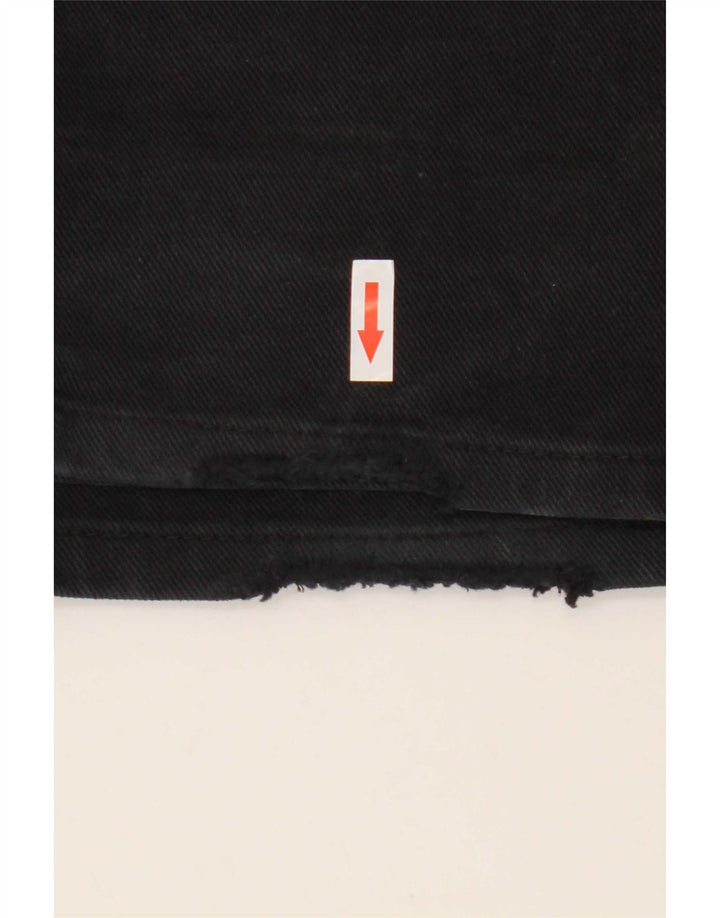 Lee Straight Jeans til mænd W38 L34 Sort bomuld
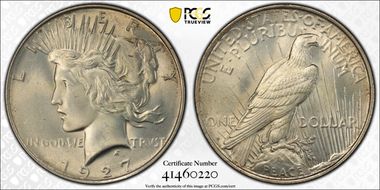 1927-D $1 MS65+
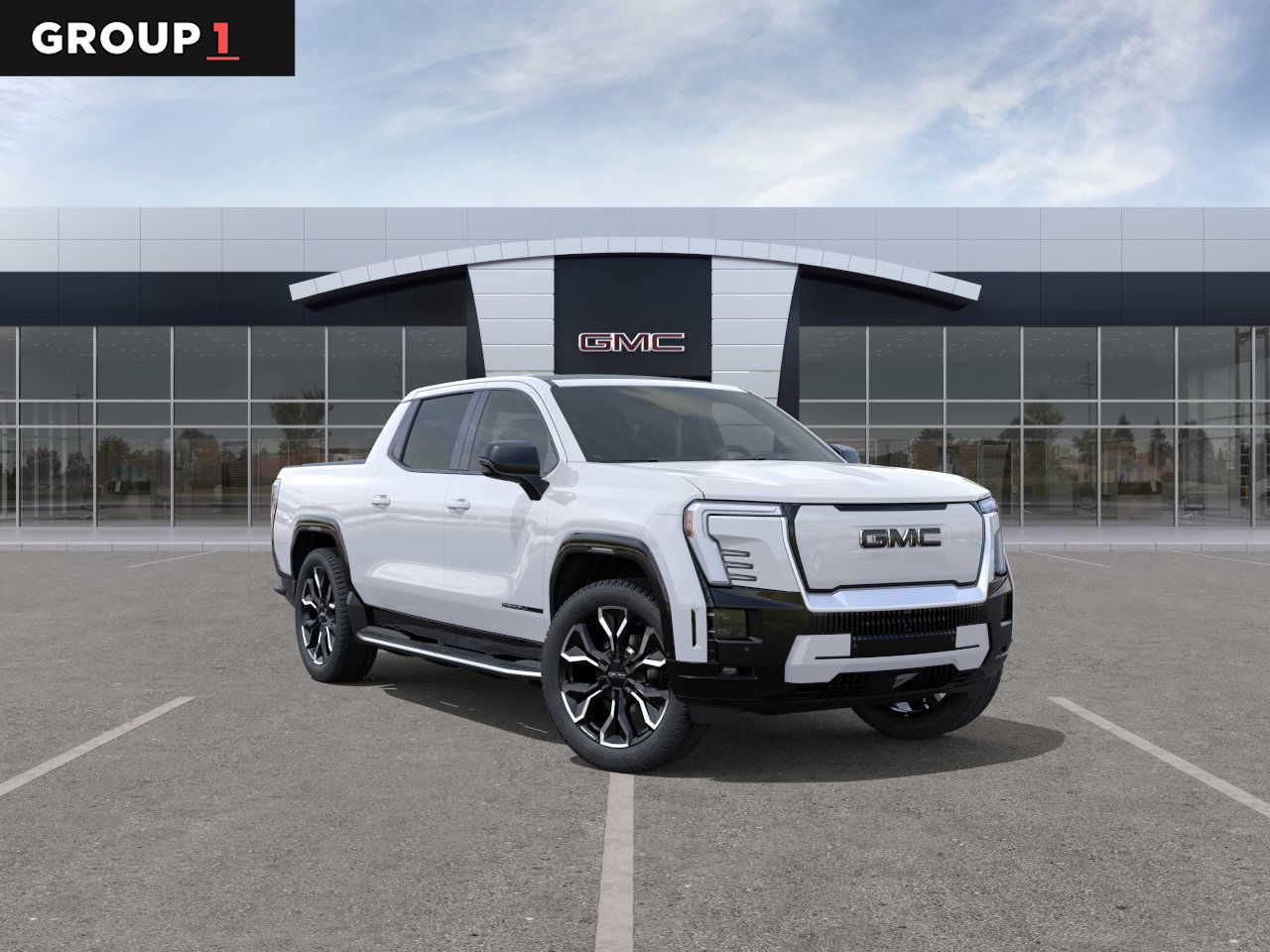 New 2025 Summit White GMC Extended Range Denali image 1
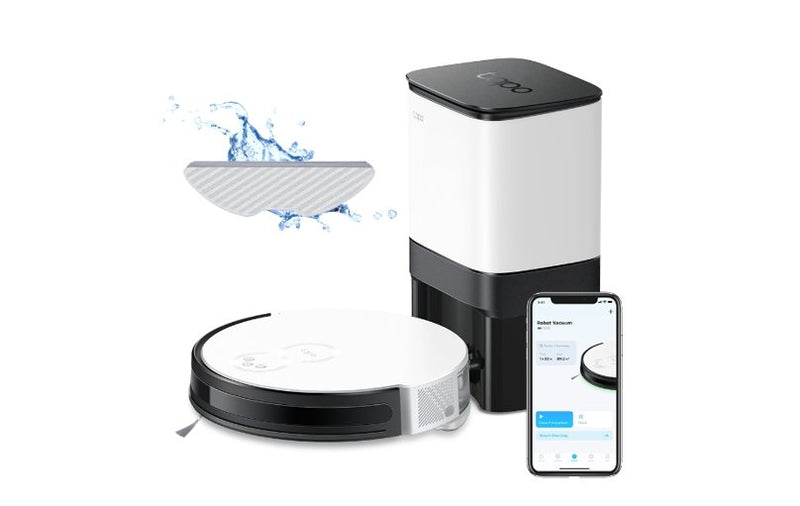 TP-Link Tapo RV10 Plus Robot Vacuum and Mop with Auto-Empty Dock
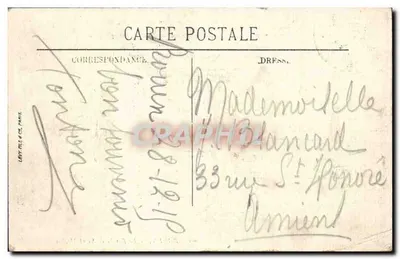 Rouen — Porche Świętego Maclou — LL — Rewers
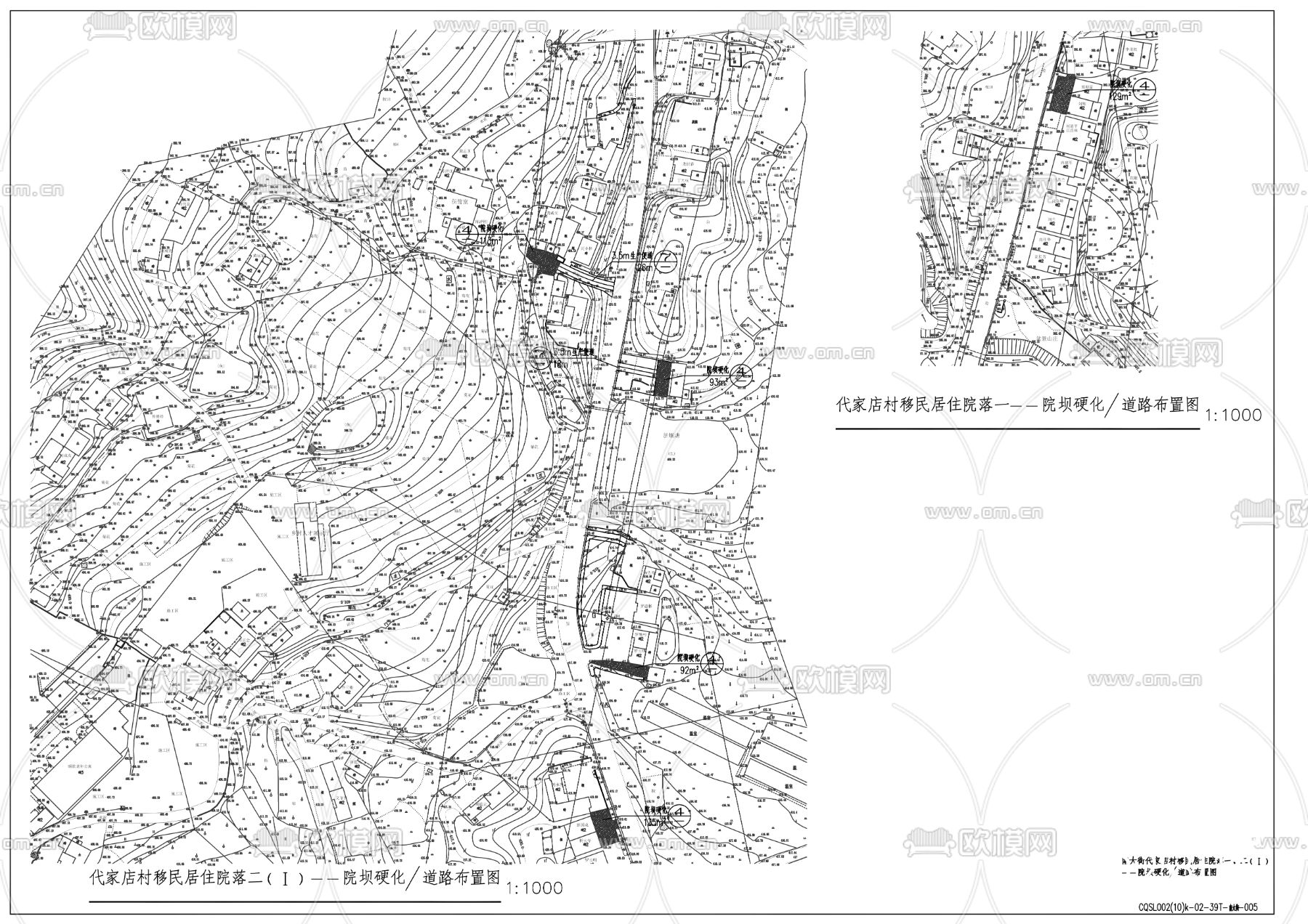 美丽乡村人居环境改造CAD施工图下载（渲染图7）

• Task prompt
From start to finish, output the listing exactly, but omit its pictures.

• Response to the exercise
 Lee Straight Jeans til mænd W38 L34 Sort bomuld
 1927-D $1 MS65+
 New 2025 Summit White GMC Extended Range Denali image 1
 TP-Link Tapo RV10 Plus Robot Vacuum and Mop with Auto-Empty Dock
 Rouen — Porche Świętego Maclou — LL — Rewers
 美丽乡村人居环境改造CAD施工图下载（渲染图7）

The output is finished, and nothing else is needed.